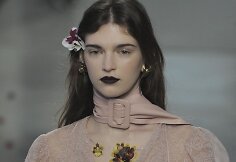 &bdquo;Rodarte&ldquo; 2016 m. rudens-žiemos kolekcijos modelis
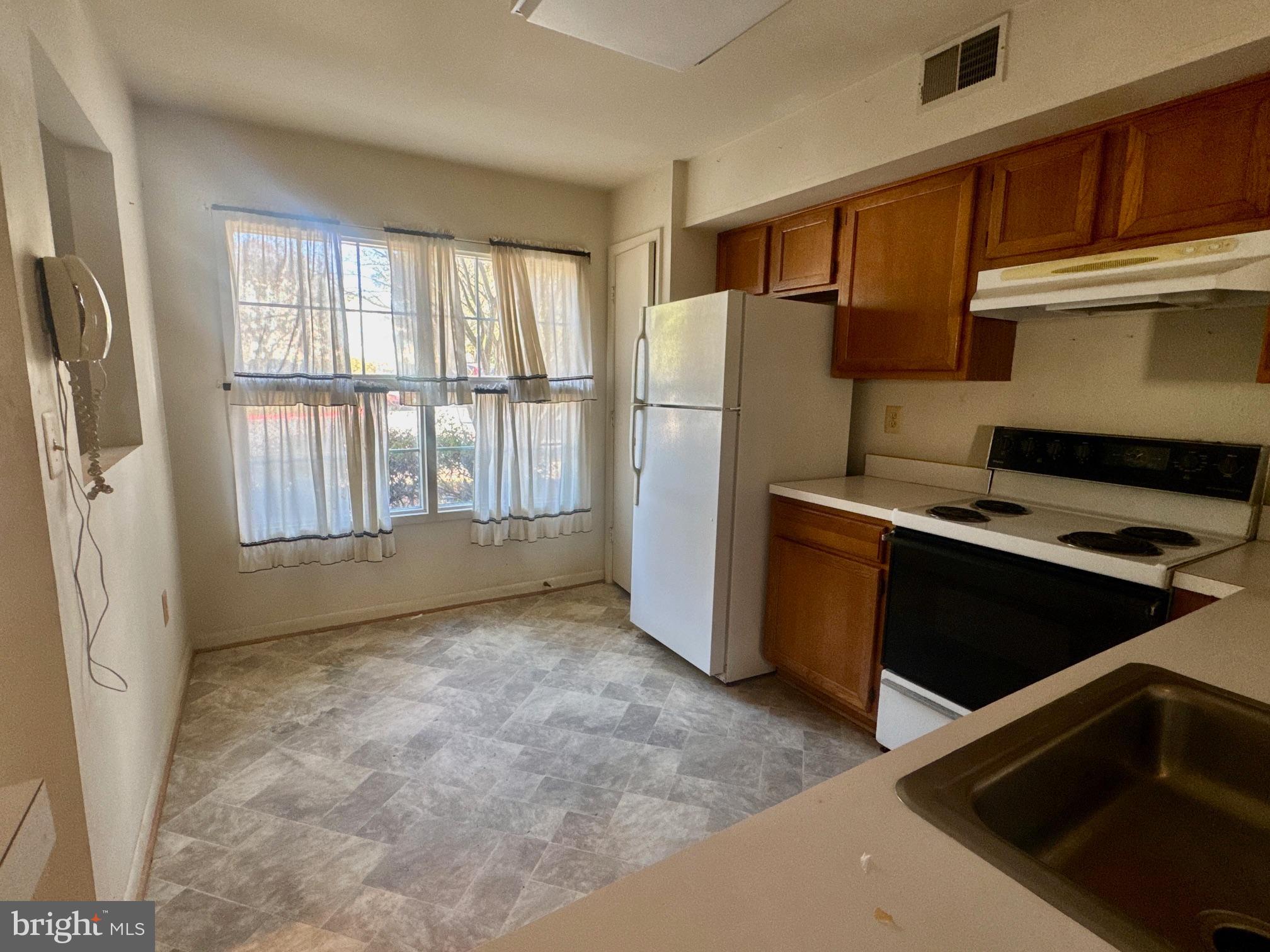 ANNAPOLIS OVERLOOK - Residential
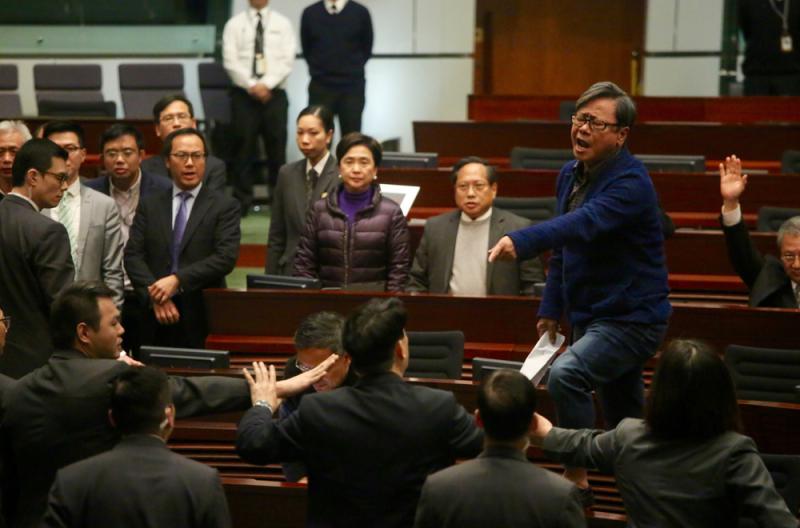 反对派害港十大恶行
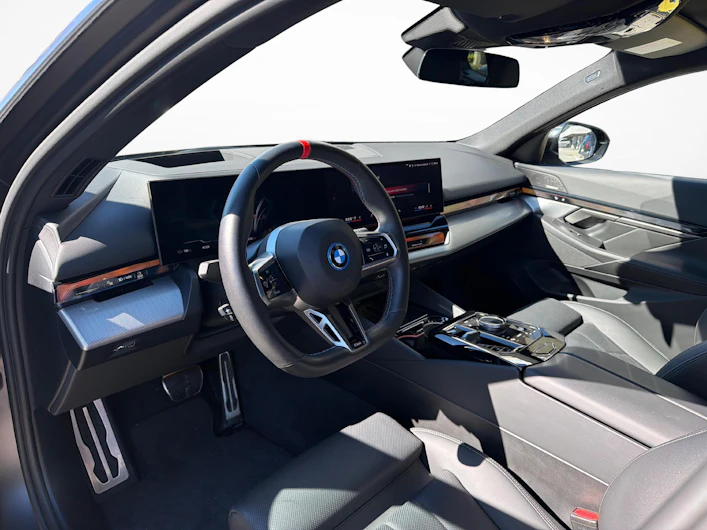 immagine del veicolo BMW i5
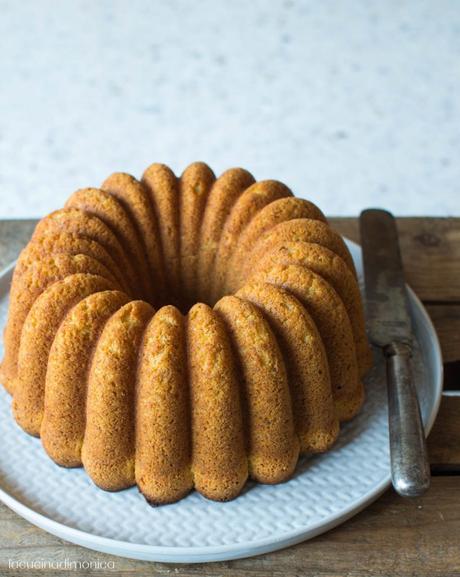 CIAMBELLONE SOFFICE CON ZUCCA E MANDORLE CIAMBELLONE SOFFICE CON ZUCCA E MANDORLE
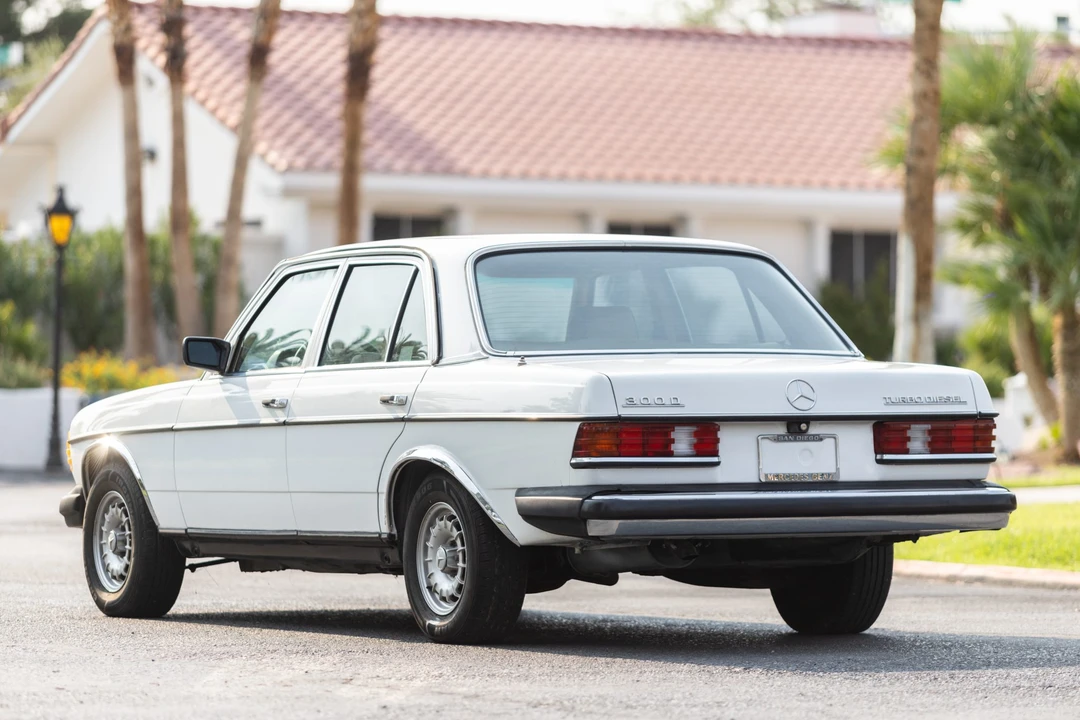1984 Mercedes-Benz W123 Sedan - Image 8 of 31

+ + + + + + +

*Activity*: Every word of the material, and none of its pictures, should be set down again.

*Answer to the exercise*:
 &bdquo;Rodarte&ldquo; 2016 m. rudens-žiemos kolekcijos modelis
 ANNAPOLIS OVERLOOK - Residential
 反对派害港十大恶行
 immagine del veicolo BMW i5
 CIAMBELLONE SOFFICE CON ZUCCA E MANDORLE CIAMBELLONE SOFFICE CON ZUCCA E MANDORLE
1984 Mercedes-Benz W123 Sedan - Image 8 of 31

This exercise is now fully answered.